There are a lot of good suggestions on this page...

community.screwfix.com/threads/painting-new-plaster.90352/

I'd go with the wallpaper scraper, using masking tape first if necessary.

There would be a LOT of swearing & 🍹

TizzyDongue Mon 09-Oct-17 18:57:00

Which paint? It may be watered enough. If it isn't it'll be soon be obvious (peeling)

PigletJohn Mon 09-Oct-17 19:10:19

if it's difficult to scrape off, it doesn't need scraping off.

If it peels off easily, take it off.

I'd suggest a broad metal decorator's scraper.

BossWitch Mon 09-Oct-17 20:35:25

It was a big tub of valspar Matt white.
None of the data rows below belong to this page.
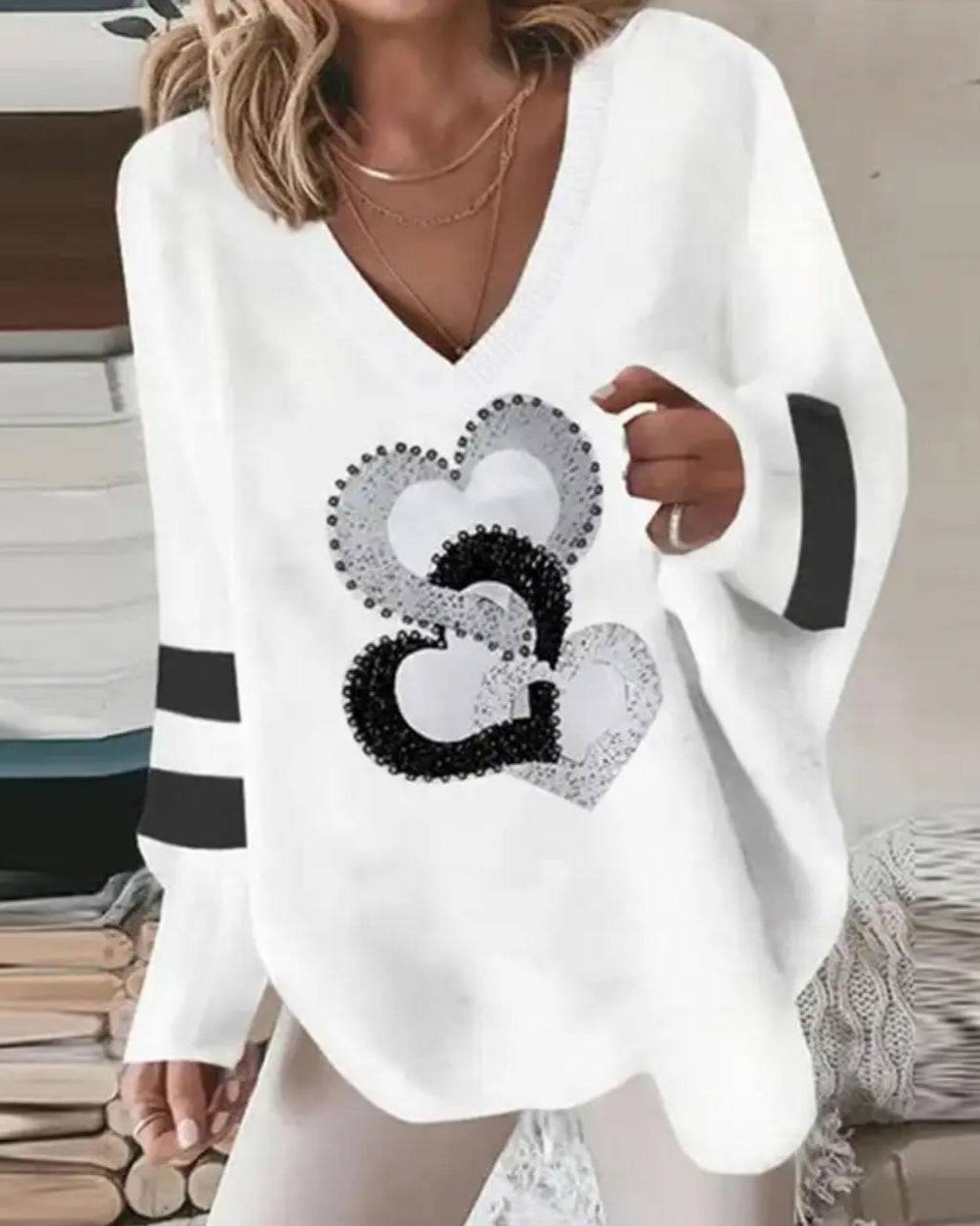 Pull Femme Col V Manches Longues à Imprimé Cœur - PanierRoyale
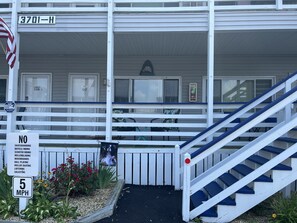 Exterior detail - Beautiful bayside first level condo!  Quick walk to the beach. (Ocean City)
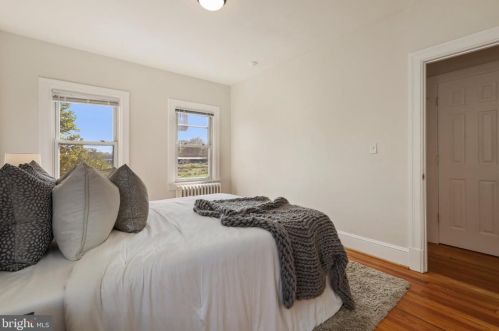 817 Quackenbos St, Washington DC 20011-1914 exterior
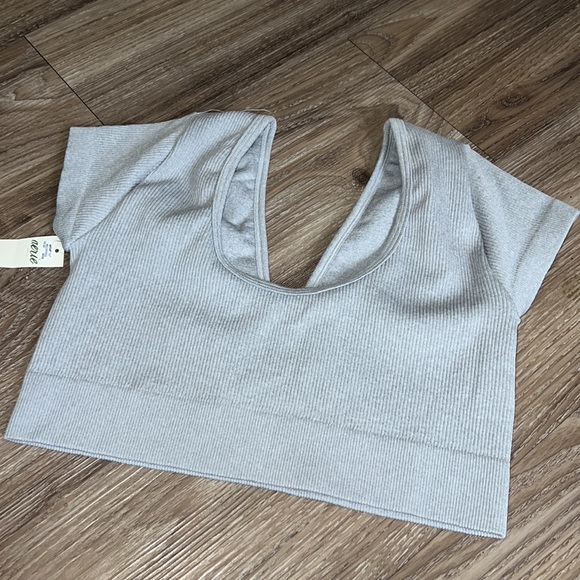 aerie seamless crop ribbed top - Picture 3 of 4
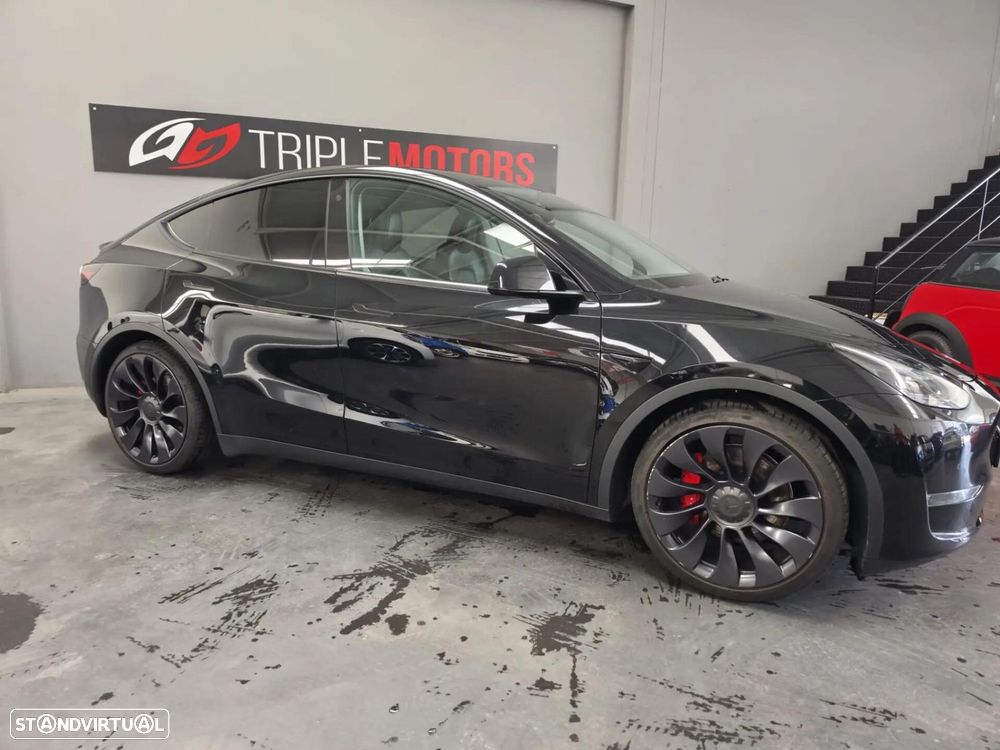 Tesla Model Y Performance Dual Motor AWD - 9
It's not as thin as other basic white I've used, pretty middling.

I really don't want to scrape it off! I think I'm going to pick at a little bit in the corner and see what happens.

YorkshireTea86 Mon 09-Oct-17 21:05:54

We painted straight on top of fresh plaster on our stairs without realizing you were meant to seal it first. It has been ok, been on 6 years and not peeled.
Won't be doing it again in the kitchen though!

Ragusa Mon 09-Oct-17 23:04:18

Yeah i would not want to be scraping paint off a lovely new painted wall. You dont wamt gouge marks. Id leave and see how it fares.

Ragusa Mon 09-Oct-17 23:04:48

Lovely new plastered wall that should read.

SheRaaarghPrincessOfPower Mon 09-Oct-17 23:07:13

I had no idea you were meant to do this and the two rooms that have been replastered were done in valspar white matt - zero peeling a couple of years on.

I'd leave it and see how it goes. If it peels, then sand it, but if it's fine then why bother?

FlaviaAlbia Mon 09-Oct-17 23:10:16

We forgot to water down cheapy B&Q emulsion after we got our kitchen plastered, the only problem it caused was that it was incredibly hard to paint on and kept coming off at the time of painting. Once it was done however, it was fine and hasn't peeled or flaked, so it's not an inevitable disaster.

That was about 8 years ago and it's been repainted a couple of times since then without problems.